→ EXERCISE DESCRIPTION
There is a line containing "Generic - 2pcs/set" in the records below. Repeat it and every line after it, exactly, through the final line, but no pictures.

[Scraped caption text data]
- - - - -
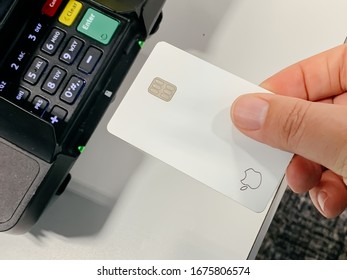 Denver, CO / USA - March 17th, 2020: Apple Card Being Used To Pay For Electronics Merchandise At A Major Electronics Store. Apple Is An Avant-garde International Corporation.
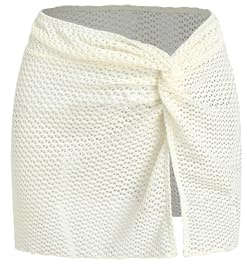 ZAFUL Women's Sarong Coverups Side Twist Slit Bathing Suit Cover Up Casual Beach Floral Mini Skirt Apricot M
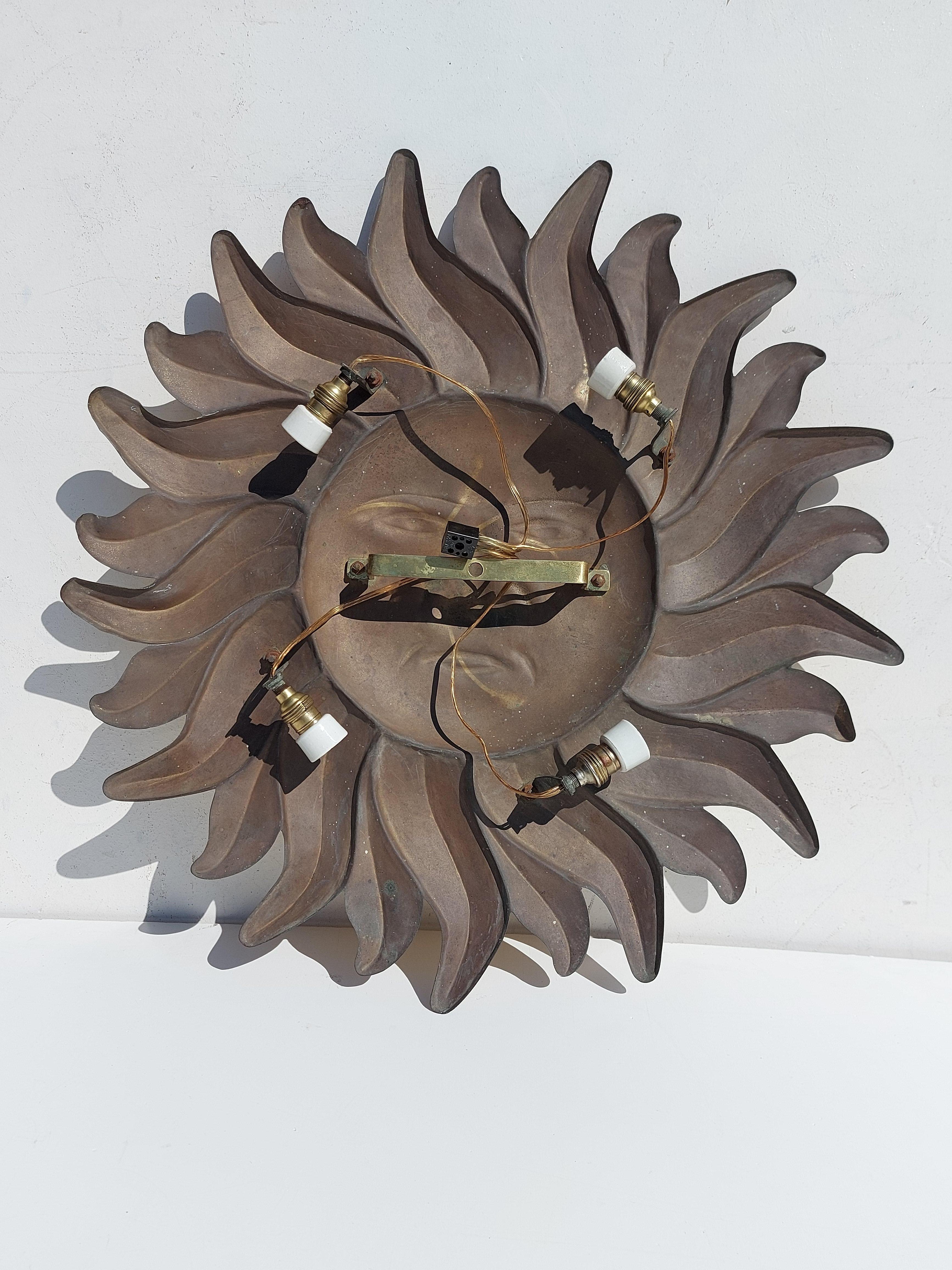 1950s Italian Mid-Century Modern Design Sun Brass Flush Mount Wall Lamp For Sale 1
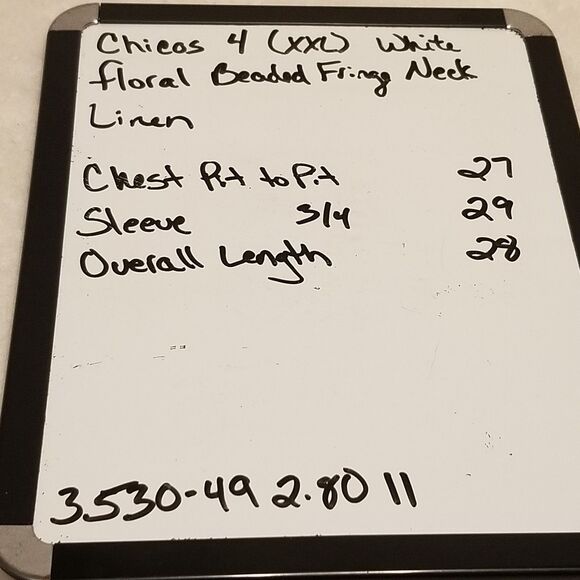 Chico's 4 (XXL) Top 100% Linen Knit Floral Tunic Beaded Fringe Beach Coastal - Picture 8 of 8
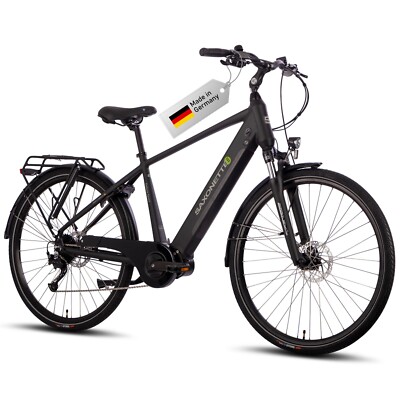 SAXONETTE E Bike Herren mit Miittelmotor 70NM, 418WH Akku, 9 Gänge E Trekking
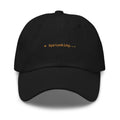 Claude Code Spinner Dad Hat - Spelunking - Black dad hat with orange embroidered text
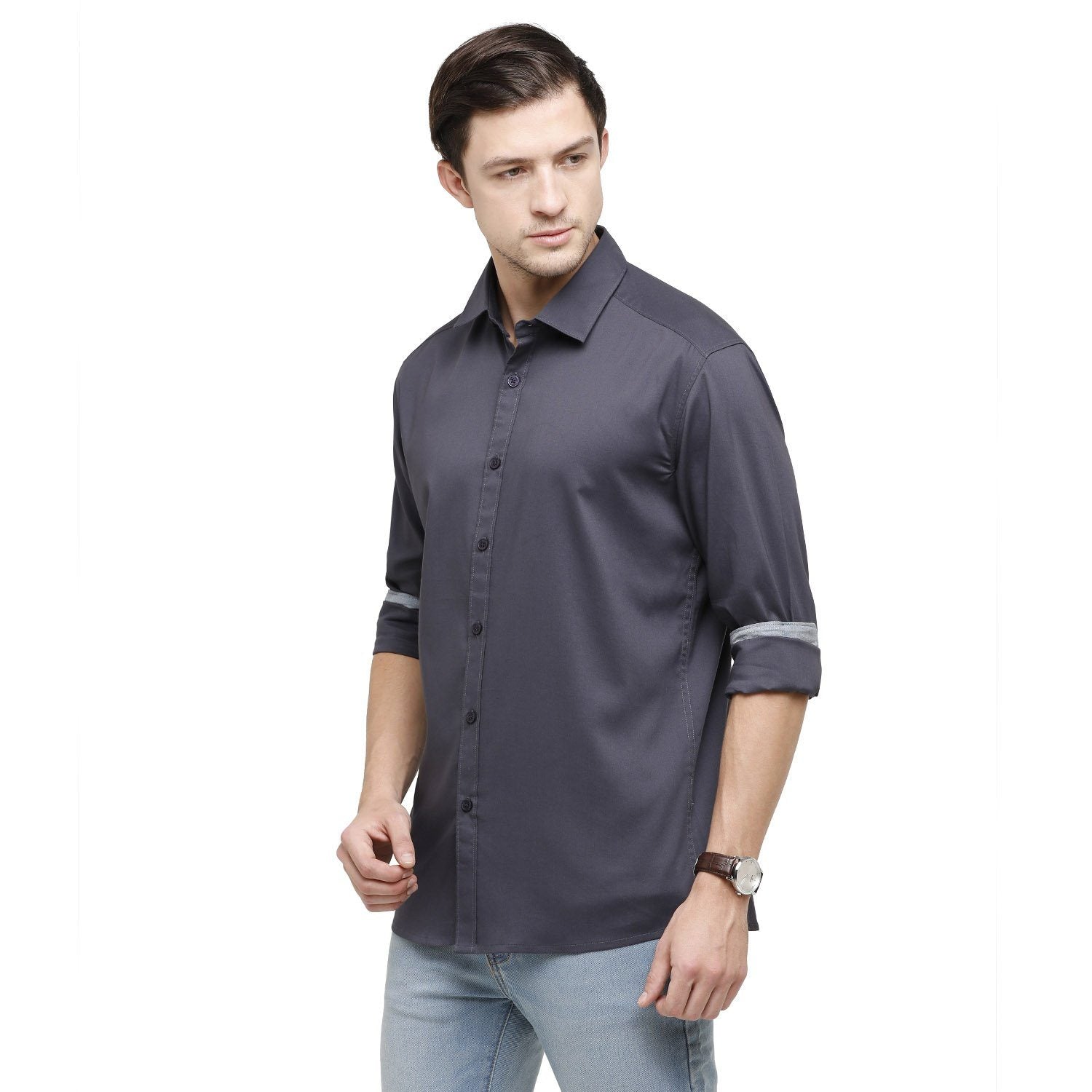 Swiss Club Mens Solid Collar Neck Full Sleeve Slim Fit Cotton Blended Grey Melange Fashion Woven Shirt ( S-SC-78 B-FS-SLD-SF ) Shirts Swiss Club 
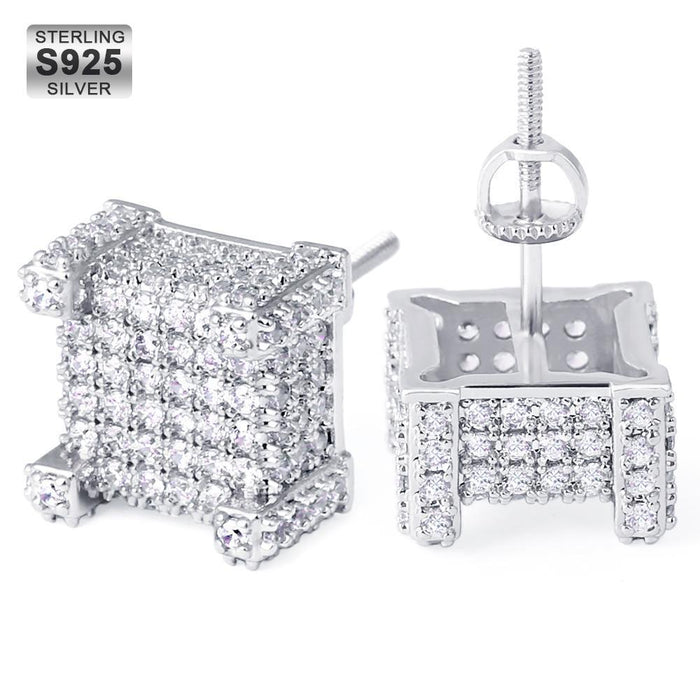 Wholesale Earrings S925 Silver Full Diamond Micro Set 5A Zircon Men's Earrings JDC-ES-SDW002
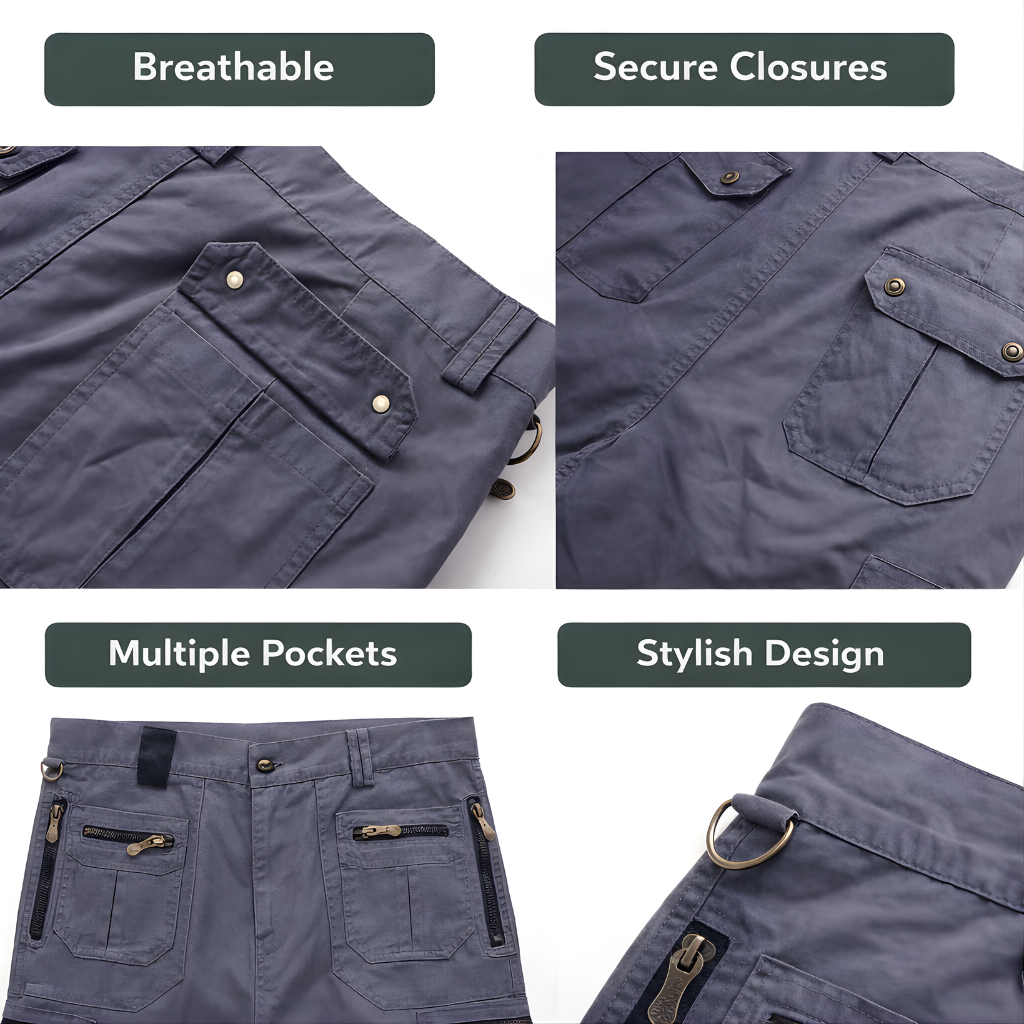 Herren Outdoor-Cargoshorts – Reißverschlusstaschen zum Wandern und Angeln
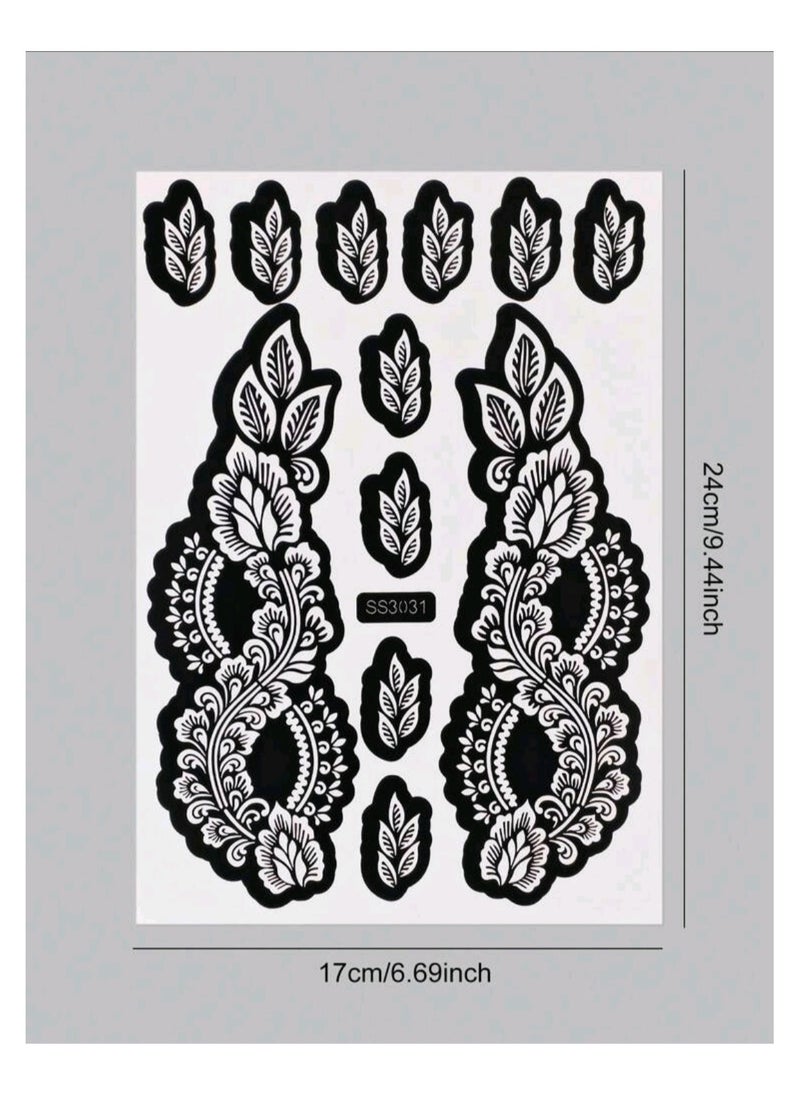 Generic - 2pcs/set Hand Flower Henna Hollow Out Template Stickers - Image 1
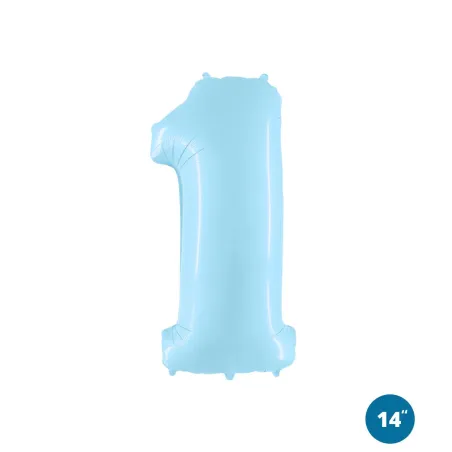 14" Number 1 Light Blue bag of 1pc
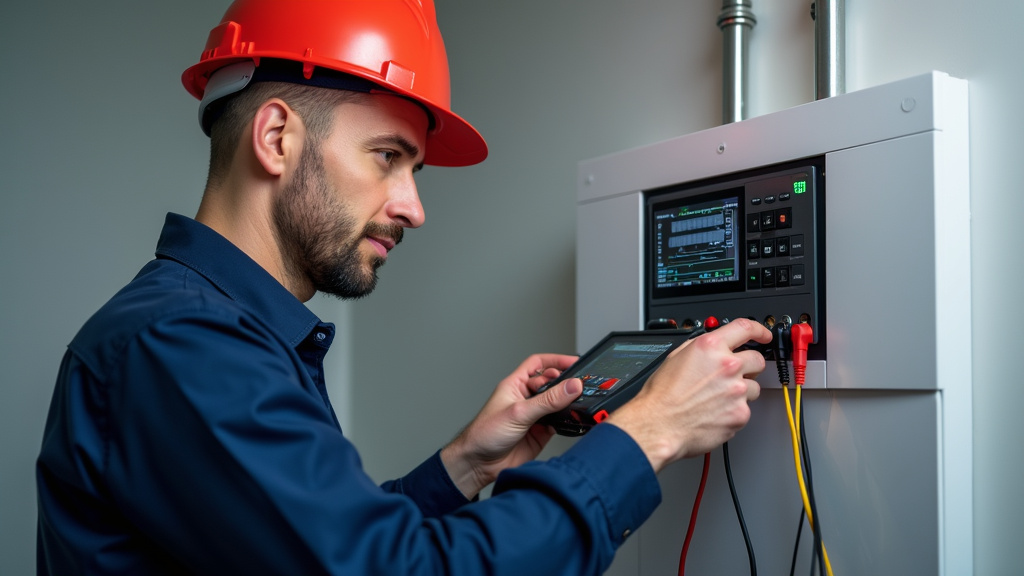 Technicien IRVE effectuant un diagnostic électrique avant installation d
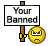 banned smiley - a smiley logo holding banned sign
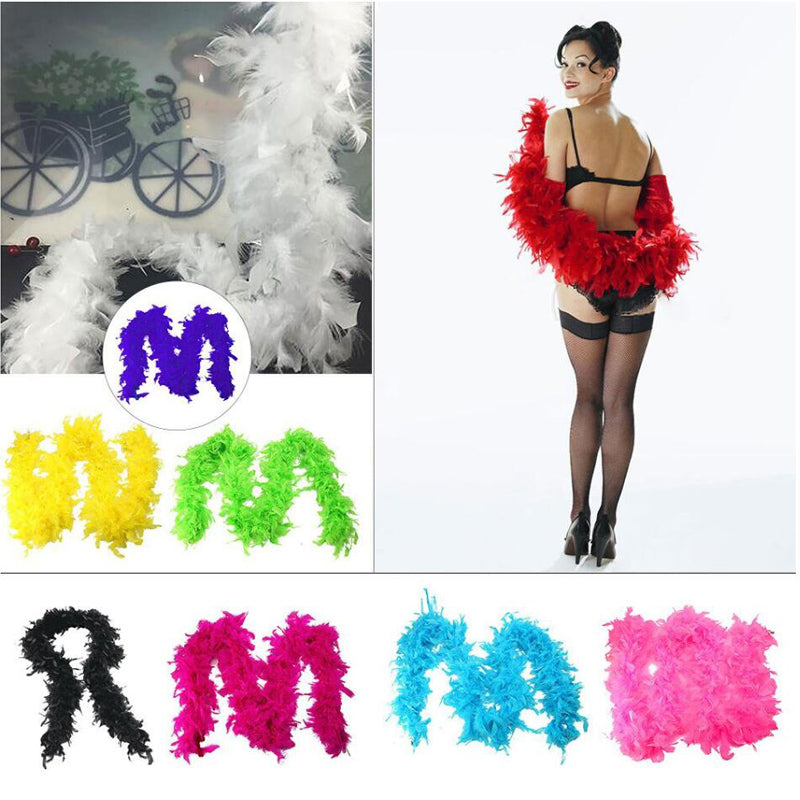 1.5M Stripe Fluffy Feather Boa - 10 Colours Available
- - - - -
→ PROBLEM SOLUTION
 Generic - 2pcs/set Hand Flower Henna Hollow Out Template Stickers - Image 1
 14" Number 1 Light Blue bag of 1pc
 Technicien IRVE effectuant un diagnostic électrique avant installation d
 banned smiley - a smiley logo holding banned sign
 1.5M Stripe Fluffy Feather Boa - 10 Colours Available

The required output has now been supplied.